++++ RECORD SET

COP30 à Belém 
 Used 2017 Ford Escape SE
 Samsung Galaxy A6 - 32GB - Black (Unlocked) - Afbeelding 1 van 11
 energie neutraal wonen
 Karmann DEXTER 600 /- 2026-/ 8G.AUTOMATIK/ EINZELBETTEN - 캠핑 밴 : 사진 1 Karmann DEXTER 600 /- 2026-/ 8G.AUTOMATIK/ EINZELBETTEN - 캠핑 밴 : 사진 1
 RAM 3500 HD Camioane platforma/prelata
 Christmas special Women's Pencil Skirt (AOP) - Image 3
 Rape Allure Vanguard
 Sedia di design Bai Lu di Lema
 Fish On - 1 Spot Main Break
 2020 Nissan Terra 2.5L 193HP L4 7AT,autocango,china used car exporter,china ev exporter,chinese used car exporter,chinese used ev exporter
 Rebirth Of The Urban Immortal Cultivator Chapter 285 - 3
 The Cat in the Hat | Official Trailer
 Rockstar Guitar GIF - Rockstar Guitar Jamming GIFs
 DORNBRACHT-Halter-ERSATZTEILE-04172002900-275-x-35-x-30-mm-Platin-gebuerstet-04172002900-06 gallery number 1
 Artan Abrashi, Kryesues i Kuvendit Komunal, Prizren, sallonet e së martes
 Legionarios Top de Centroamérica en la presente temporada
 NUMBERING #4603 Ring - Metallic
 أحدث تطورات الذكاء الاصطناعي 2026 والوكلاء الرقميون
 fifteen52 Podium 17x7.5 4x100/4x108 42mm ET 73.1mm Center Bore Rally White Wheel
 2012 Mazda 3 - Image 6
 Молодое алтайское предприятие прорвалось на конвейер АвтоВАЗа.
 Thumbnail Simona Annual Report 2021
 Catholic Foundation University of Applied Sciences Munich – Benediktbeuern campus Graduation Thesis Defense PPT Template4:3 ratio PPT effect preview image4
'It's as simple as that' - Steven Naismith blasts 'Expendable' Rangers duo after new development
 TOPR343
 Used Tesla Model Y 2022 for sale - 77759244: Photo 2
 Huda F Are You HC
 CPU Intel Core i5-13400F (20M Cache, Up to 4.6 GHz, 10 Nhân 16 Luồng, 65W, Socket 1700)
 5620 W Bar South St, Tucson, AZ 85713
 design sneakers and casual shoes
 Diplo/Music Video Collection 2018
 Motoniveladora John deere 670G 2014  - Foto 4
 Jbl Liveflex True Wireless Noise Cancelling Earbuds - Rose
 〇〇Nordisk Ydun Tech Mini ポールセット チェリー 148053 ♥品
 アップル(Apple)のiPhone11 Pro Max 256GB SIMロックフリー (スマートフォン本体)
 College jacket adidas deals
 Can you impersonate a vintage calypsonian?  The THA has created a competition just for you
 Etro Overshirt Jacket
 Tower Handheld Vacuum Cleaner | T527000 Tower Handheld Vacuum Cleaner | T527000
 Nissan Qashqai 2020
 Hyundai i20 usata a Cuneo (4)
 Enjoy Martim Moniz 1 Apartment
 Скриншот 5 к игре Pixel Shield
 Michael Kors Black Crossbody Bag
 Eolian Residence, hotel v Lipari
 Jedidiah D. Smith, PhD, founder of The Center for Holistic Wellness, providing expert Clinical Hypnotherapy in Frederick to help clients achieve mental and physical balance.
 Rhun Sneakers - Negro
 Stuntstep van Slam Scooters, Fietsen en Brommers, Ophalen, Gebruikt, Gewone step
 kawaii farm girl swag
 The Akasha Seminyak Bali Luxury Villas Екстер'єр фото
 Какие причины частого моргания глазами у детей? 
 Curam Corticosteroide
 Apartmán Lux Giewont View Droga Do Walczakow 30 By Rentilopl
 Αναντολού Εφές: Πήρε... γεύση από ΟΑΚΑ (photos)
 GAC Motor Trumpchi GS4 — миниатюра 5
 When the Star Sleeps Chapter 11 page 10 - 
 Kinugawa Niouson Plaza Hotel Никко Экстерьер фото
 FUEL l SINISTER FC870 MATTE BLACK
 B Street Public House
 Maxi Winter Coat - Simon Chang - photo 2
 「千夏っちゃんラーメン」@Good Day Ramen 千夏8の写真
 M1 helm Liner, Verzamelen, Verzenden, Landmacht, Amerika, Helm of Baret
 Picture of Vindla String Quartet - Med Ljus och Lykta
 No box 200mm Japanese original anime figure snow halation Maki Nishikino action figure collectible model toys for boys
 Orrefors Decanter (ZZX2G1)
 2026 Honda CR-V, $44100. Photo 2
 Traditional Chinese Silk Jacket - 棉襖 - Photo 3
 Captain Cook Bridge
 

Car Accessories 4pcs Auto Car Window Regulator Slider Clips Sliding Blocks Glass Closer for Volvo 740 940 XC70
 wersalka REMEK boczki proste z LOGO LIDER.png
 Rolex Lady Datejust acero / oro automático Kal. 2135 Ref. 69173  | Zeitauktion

++++++++

ABOUT THIS EXERCISE >> Restate each line above word for word.

OUTPUT FOR THIS EXERCISE >>
COP30 à Belém 
 Used 2017 Ford Escape SE
 Samsung Galaxy A6 - 32GB - Black (Unlocked) - Afbeelding 1 van 11
 energie neutraal wonen
 Karmann DEXTER 600 /- 2026-/ 8G.AUTOMATIK/ EINZELBETTEN - 캠핑 밴 : 사진 1 Karmann DEXTER 600 /- 2026-/ 8G.AUTOMATIK/ EINZELBETTEN - 캠핑 밴 : 사진 1
 RAM 3500 HD Camioane platforma/prelata
 Christmas special Women's Pencil Skirt (AOP) - Image 3
 Rape Allure Vanguard
 Sedia di design Bai Lu di Lema
 Fish On - 1 Spot Main Break
 2020 Nissan Terra 2.5L 193HP L4 7AT,autocango,china used car exporter,china ev exporter,chinese used car exporter,chinese used ev exporter
 Rebirth Of The Urban Immortal Cultivator Chapter 285 - 3
 The Cat in the Hat | Official Trailer
 Rockstar Guitar GIF - Rockstar Guitar Jamming GIFs
 DORNBRACHT-Halter-ERSATZTEILE-04172002900-275-x-35-x-30-mm-Platin-gebuerstet-04172002900-06 gallery number 1
 Artan Abrashi, Kryesues i Kuvendit Komunal, Prizren, sallonet e së martes
 Legionarios Top de Centroamérica en la presente temporada
 NUMBERING #4603 Ring - Metallic
 أحدث تطورات الذكاء الاصطناعي 2026 والوكلاء الرقميون
 fifteen52 Podium 17x7.5 4x100/4x108 42mm ET 73.1mm Center Bore Rally White Wheel
 2012 Mazda 3 - Image 6
 Молодое алтайское предприятие прорвалось на конвейер АвтоВАЗа.
 Thumbnail Simona Annual Report 2021
 Catholic Foundation University of Applied Sciences Munich – Benediktbeuern campus Graduation Thesis Defense PPT Template4:3 ratio PPT effect preview image4
'It's as simple as that' - Steven Naismith blasts 'Expendable' Rangers duo after new development
 TOPR343
 Used Tesla Model Y 2022 for sale - 77759244: Photo 2
 Huda F Are You HC
 CPU Intel Core i5-13400F (20M Cache, Up to 4.6 GHz, 10 Nhân 16 Luồng, 65W, Socket 1700)
 5620 W Bar South St, Tucson, AZ 85713
 design sneakers and casual shoes
 Diplo/Music Video Collection 2018
 Motoniveladora John deere 670G 2014  - Foto 4
 Jbl Liveflex True Wireless Noise Cancelling Earbuds - Rose
 〇〇Nordisk Ydun Tech Mini ポールセット チェリー 148053 ♥品
 アップル(Apple)のiPhone11 Pro Max 256GB SIMロックフリー (スマートフォン本体)
 College jacket adidas deals
 Can you impersonate a vintage calypsonian?  The THA has created a competition just for you
 Etro Overshirt Jacket
 Tower Handheld Vacuum Cleaner | T527000 Tower Handheld Vacuum Cleaner | T527000
 Nissan Qashqai 2020
 Hyundai i20 usata a Cuneo (4)
 Enjoy Martim Moniz 1 Apartment
 Скриншот 5 к игре Pixel Shield
 Michael Kors Black Crossbody Bag
 Eolian Residence, hotel v Lipari
 Jedidiah D. Smith, PhD, founder of The Center for Holistic Wellness, providing expert Clinical Hypnotherapy in Frederick to help clients achieve mental and physical balance.
 Rhun Sneakers - Negro
 Stuntstep van Slam Scooters, Fietsen en Brommers, Ophalen, Gebruikt, Gewone step
 kawaii farm girl swag
 The Akasha Seminyak Bali Luxury Villas Екстер'єр фото
 Какие причины частого моргания глазами у детей? 
 Curam Corticosteroide
 Apartmán Lux Giewont View Droga Do Walczakow 30 By Rentilopl
 Αναντολού Εφές: Πήρε... γεύση από ΟΑΚΑ (photos)
 GAC Motor Trumpchi GS4 — миниатюра 5
 When the Star Sleeps Chapter 11 page 10 - 
 Kinugawa Niouson Plaza Hotel Никко Экстерьер фото
 FUEL l SINISTER FC870 MATTE BLACK
 B Street Public House
 Maxi Winter Coat - Simon Chang - photo 2
 「千夏っちゃんラーメン」@Good Day Ramen 千夏8の写真
 M1 helm Liner, Verzamelen, Verzenden, Landmacht, Amerika, Helm of Baret
 Picture of Vindla String Quartet - Med Ljus och Lykta
 No box 200mm Japanese original anime figure snow halation Maki Nishikino action figure collectible model toys for boys
 Orrefors Decanter (ZZX2G1)
 2026 Honda CR-V, $44100. Photo 2
 Traditional Chinese Silk Jacket - 棉襖 - Photo 3
 Captain Cook Bridge
 

Car Accessories 4pcs Auto Car Window Regulator Slider Clips Sliding Blocks Glass Closer for Volvo 740 940 XC70
 wersalka REMEK boczki proste z LOGO LIDER.png
 Rolex Lady Datejust acero / oro automático Kal. 2135 Ref. 69173  | Zeitauktion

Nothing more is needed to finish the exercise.